N° 59

SÉNAT

SESSION ORDINAIRE DE 2006-2007

Annexe au procès-verbal de la séance du 8 novembre 2006

RAPPORT

FAIT

au nom de la commission des Affaires sociales (1) sur le projet de loi de financement de la sécurité sociale pour 2007 , ADOPTÉ PAR L'ASSEMBLÉE NATIONALE,

Par M. Dominique LECLERC,

Sénateur.

Tome IV :

Assurance vieillesse

(1) Cette commission est composée de : M. Nicolas About, président ; MM. Alain Gournac, Louis Souvet, Gérard Dériot, Jean-Pierre Godefroy, Mmes Claire-Lise Campion, Valérie Létard, MM. Roland Muzeau, Bernard Seillier, vice-présidents ; MM. François Autain, Paul Blanc, Jean-Marc Juilhard, Mmes Anne-Marie Payet, Gisèle Printz, secrétaires ; Mme Jacqueline Alquier, MM. Jean-Paul Amoudry, Gilbert Barbier, Daniel Bernardet, Mme Brigitte Bout, MM. Jean-Pierre Cantegrit, Bernard Cazeau, Mmes Isabelle Debré, Christiane Demontès, Sylvie Desmarescaux, M. Claude Domeizel, Mme Bernadette Dupont, MM. Michel Esneu, Jean-Claude Etienne, Guy Fischer, Jacques Gillot, Francis Giraud, Mmes Françoise Henneron, Marie-Thérèse Hermange, Gélita Hoarau, Annie Jarraud-Vergnolle, Christiane Kammermann, MM. Serge Larcher, André Lardeux, Dominique Leclerc, Marcel Lesbros, Mme Raymonde Le Texier, MM. Roger Madec, Jean-Pierre Michel, Alain Milon, Georges Mouly, Mmes Catherine Procaccia, Janine Rozier, Michèle San Vicente-Baudrin, Patricia Schillinger, Esther Sittler, MM. Jean-Marie Vanlerenberghe, Alain Vasselle, François Vendasi, André Vézinhet.

Voir les numéros :

Assemblée nationale ( 12 e législ . ) : 3362 , 3384, 3388 et T.A. 613

Sénat : 51 et 60 (2006-2007)

Sécurité sociale.


Les propositions de la commission des affaires sociales
pour la branche vieillesse en 2007

Afin de préparer le rendez-vous de 2008 sur la réforme des retraites, la commission a adopté, sur proposition de son rapporteur Dominique Leclerc, dix amendements sur la partie consacrée à la branche vieillesse par le projet de loi de financement de la sécurité sociale pour 2007. Ces amendements poursuivent quatre objectifs principaux :

Sécuriser les prochains adossements de régimes spéciaux de retraite sur le régime général en renforçant l'effectivité des principes de transparence et de neutralité qui s'imposent à ces opérations :

- accorder à la Caisse nationale d'assurance vieillesse des travailleurs salariés (Cnav) une clause de révision figurant dans chaque convention d'adossement, similaire à celle obtenue par les régimes complémentaires Agirc et Arrco lors de l'adossement du régime des industries électriques et gazières de 2005 ;

- rendre obligatoire la consultation du conseil d'administration de la Cnav sur les modalités de chaque adossement pour qu'il s'assure du respect du principe de neutralité financière à l'égard de ses assurés sociaux.

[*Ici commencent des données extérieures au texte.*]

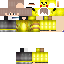 Texture for PikachuRG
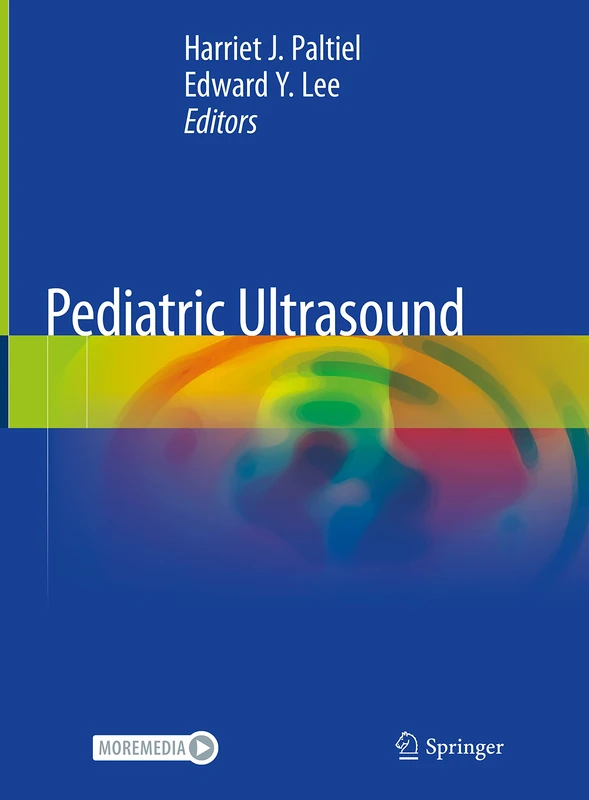Pediatric Ultrasound - Image 1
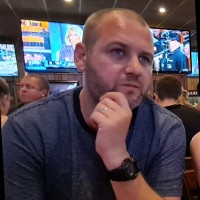 See-Tech Ltd Employee Rob Thomas's profile photo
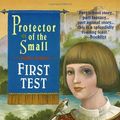 Cover Art for 9780679889175, Protector of the Small: First Test 1 by Tamora Pierce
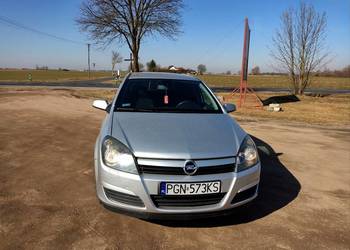 Opel Astra H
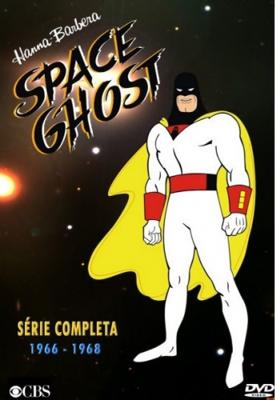 Космический призрак / Space Ghost () смотреть онлайн бесплатно в отличном качестве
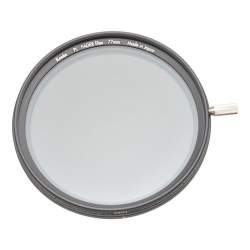 Neutral Density Filters - KENKO FILTER POLARIZING FADER ND3-ND400 58MM - buy today in store and with delivery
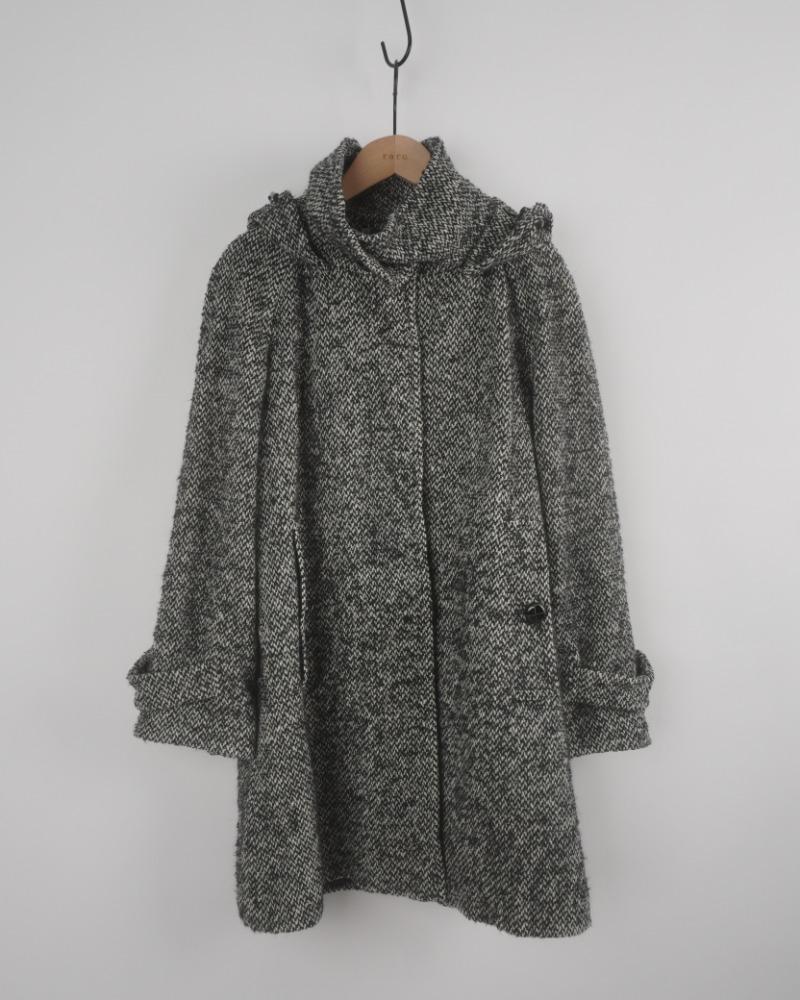 MaxMara woolen coat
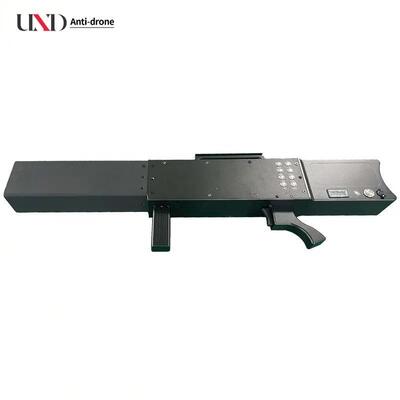 1.2KM Range 8 Band 170W Power Anti Drone Gun UAV Jammer for Effective Drone Defense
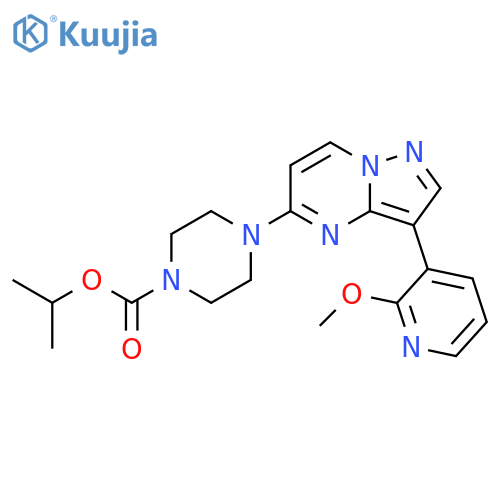 LP-935509 structure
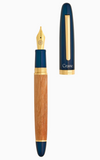 Esterbrook Crane Mariner Fountain Pen NEW!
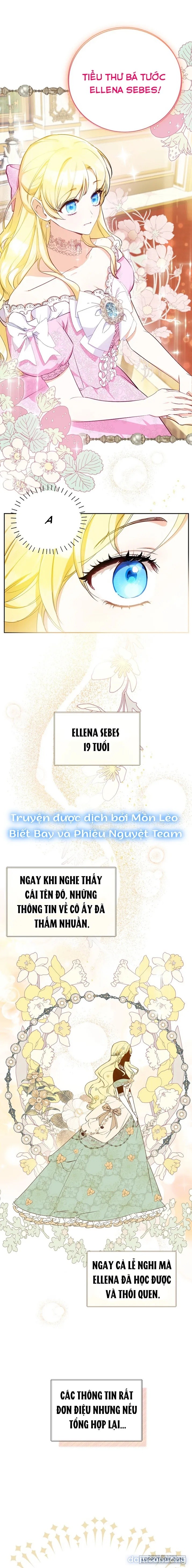 Hình Như Tôi Đã Xuyên Vào Cuốn Tiểu Thuyết Nào Đó 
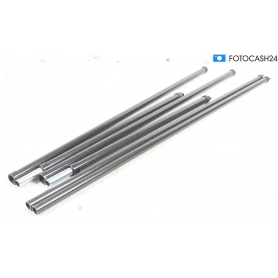 Dorema FTP Frame Gestänge Vorzeltgestänge 30/25mm Gr. 10-14 Fiberglas Camping Outdoor (286037)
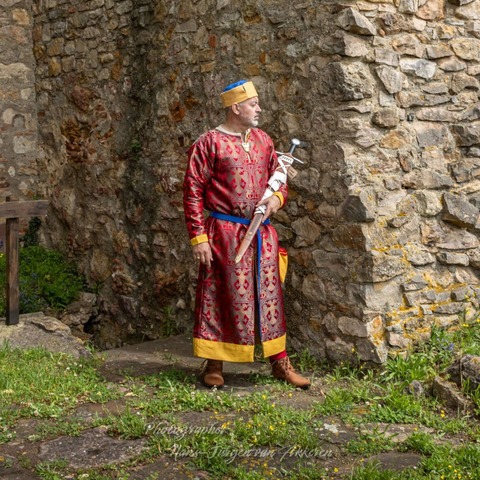 Burgruine Lichteneck - Kenzingen - 29.05.2025 15:00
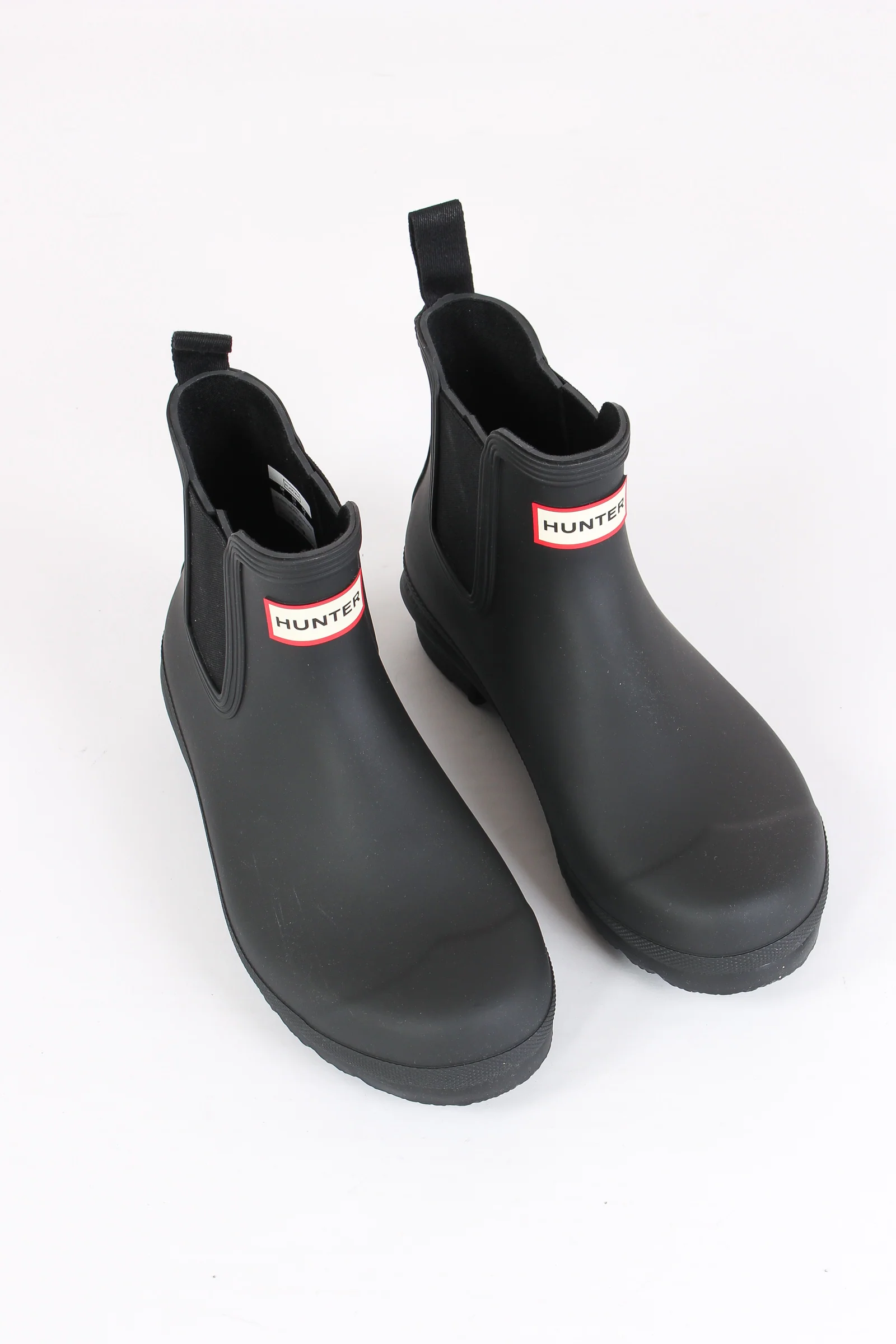Original Chelsea Boot Black - immagine 5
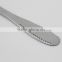 Hot Sale Stainless Steel Butter Knife in PVC bag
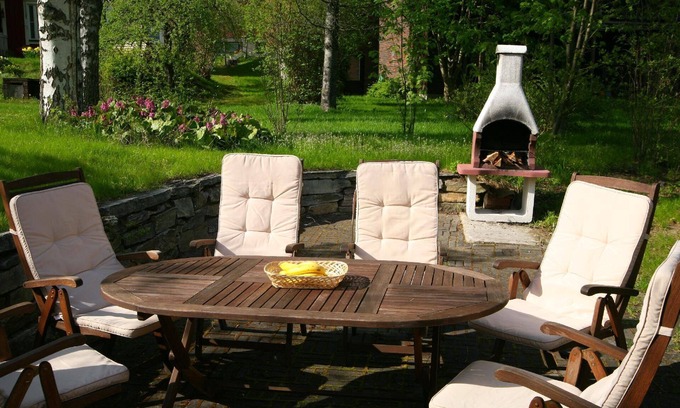 Kuopio Casa | Casa de vacaciones Kuopio para 1 - 8 personas con 3 dormitorios - Casa de vacaciones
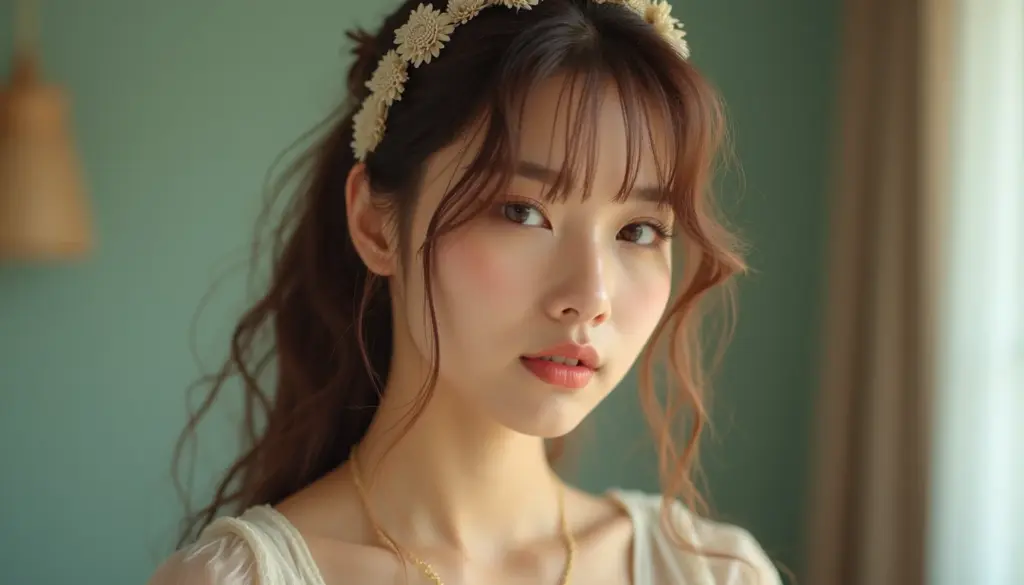 Faixa de Cabelo Perfeita: Passo a Passo Fácil para um Look Incrível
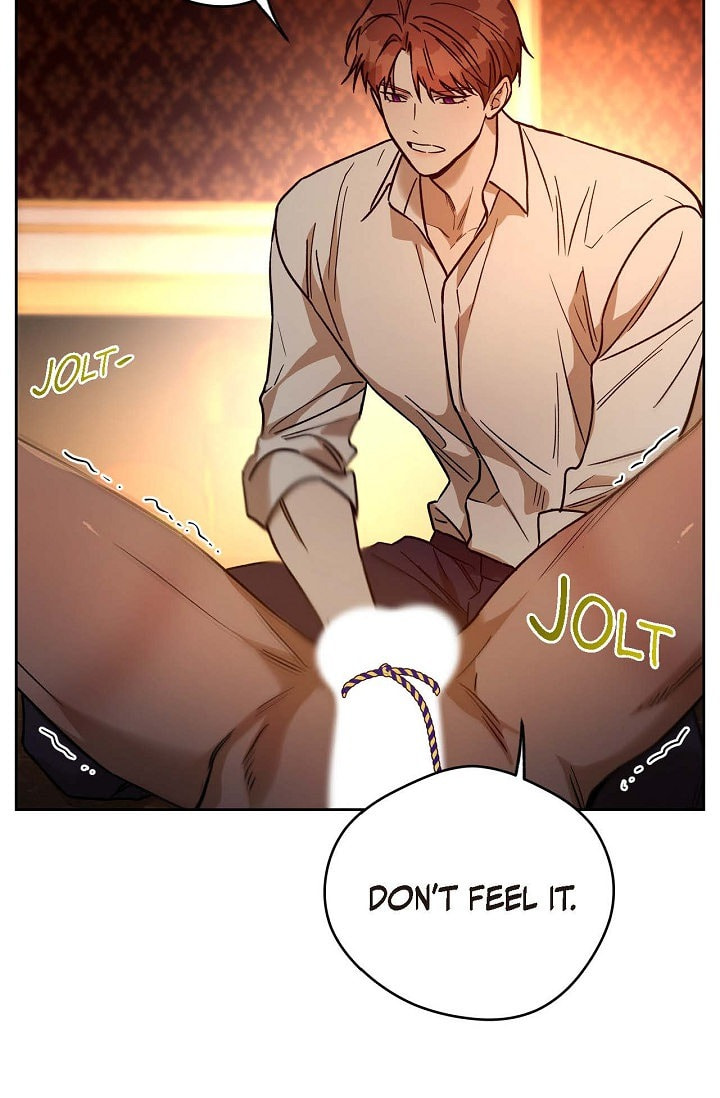 Read Hard-Boiled Love chapter 81 image 19 on Lezhin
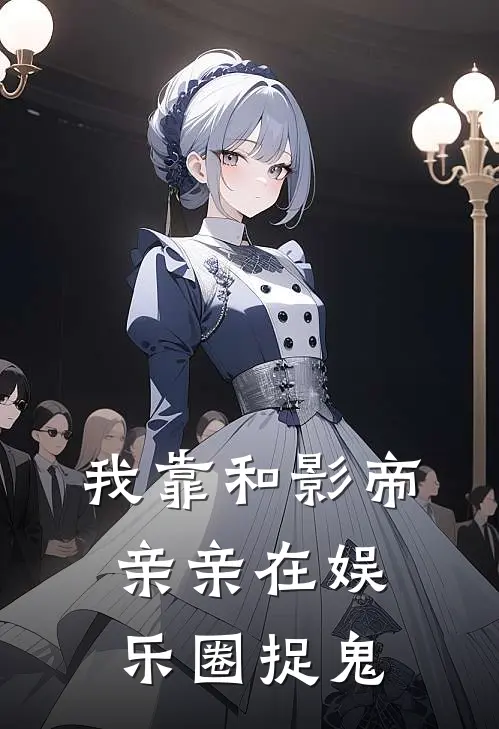 我靠和影帝亲亲在娱乐圈捉鬼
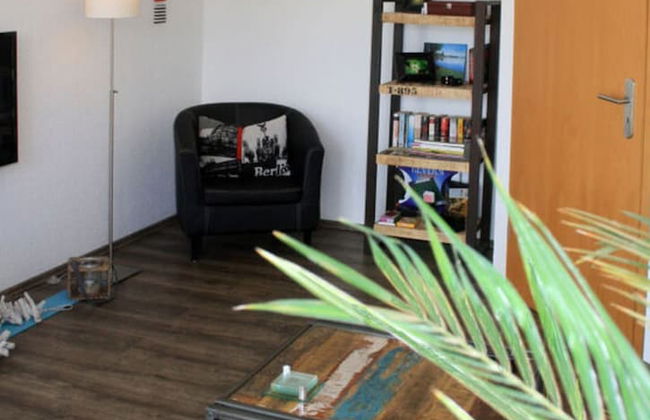 Wohnlust 1 in Malchow - Foto 5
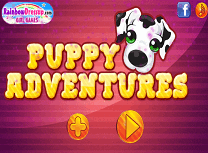 Aventurile Catelusului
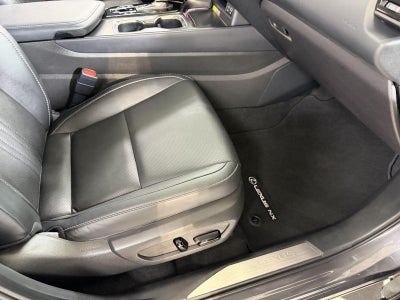 2024 Lexus NX NX 350 Premium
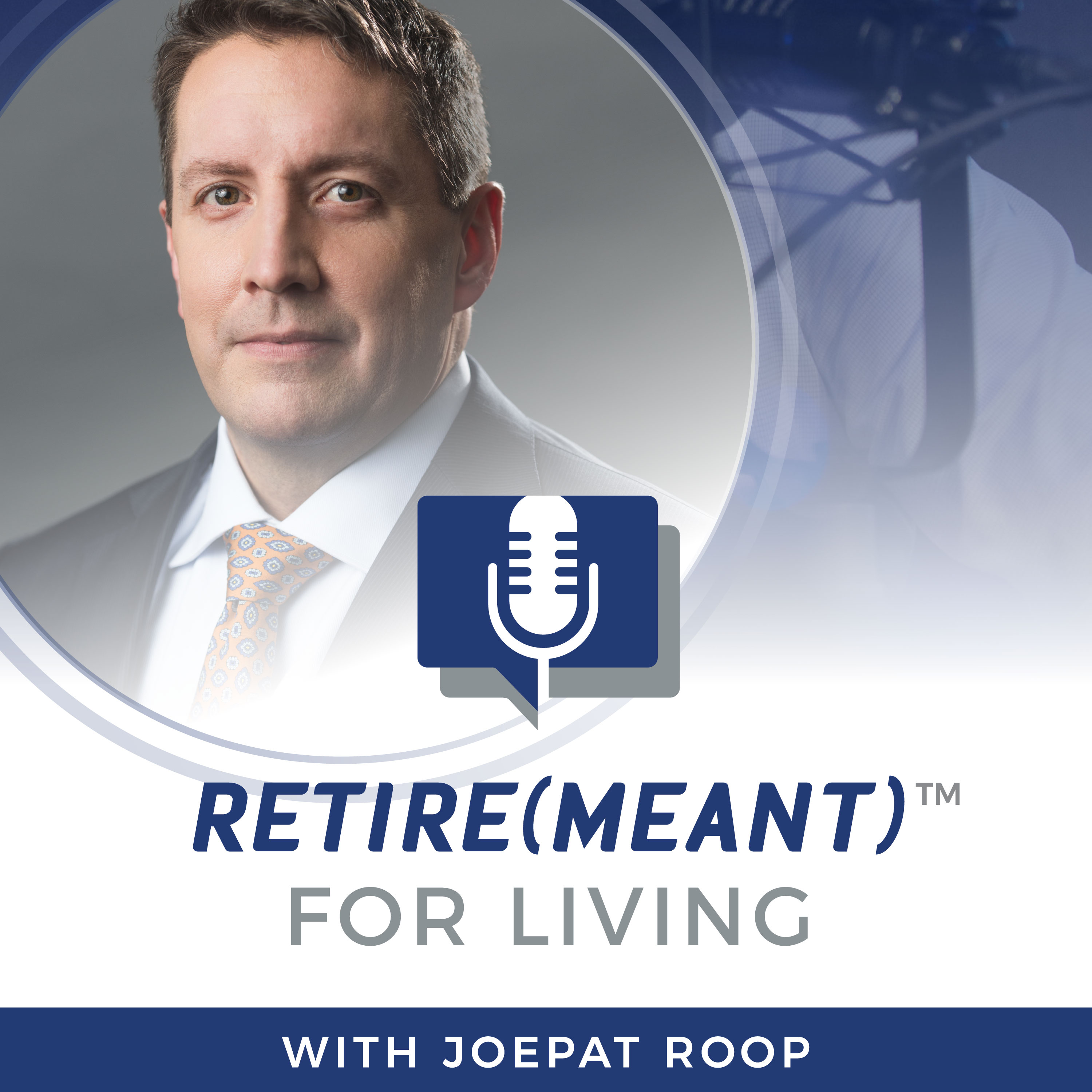 Finding Your "Retirement Rush"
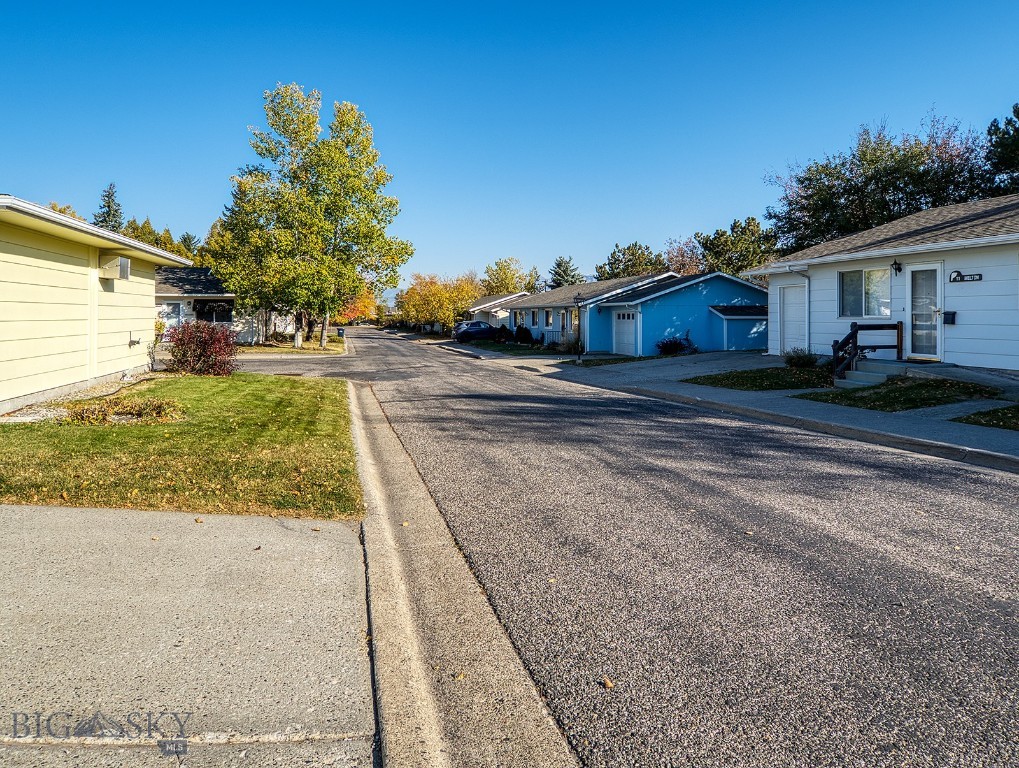 1120 W Babcock Street, Bozeman MT 59715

Préserver l'esprit de la réforme des retraites de 2003 :

- mettre un terme à l'utilisation, par certains assurés sociaux, du mécanisme de rachat d'années d'études et d'années incomplètes de cotisations pour bénéficier du dispositif des carrières longues. En effet, ces rachats interviennent dans des conditions financières qui pénalisent le régime général ;

- conforter la mise en extinction, d'ici à 2010, des possibilités de mise à la retraite d'office avant soixante-cinq ans. La réforme des retraites de 2003 a été sur ce point vidée de sa substance par les 122 accords de branche signés par les partenaires sociaux.

Favoriser l'emploi des seniors et décourager les dispositifs de préretraite :

- porter à 200 % du Smic le plafond de cumul emploi-retraite applicable aux assurés du régime général ;

- assujettir désormais l'ensemble des préretraites « maison » à la contribution créée en 2003 en faveur du fonds de solidarité vieillesse (FSV).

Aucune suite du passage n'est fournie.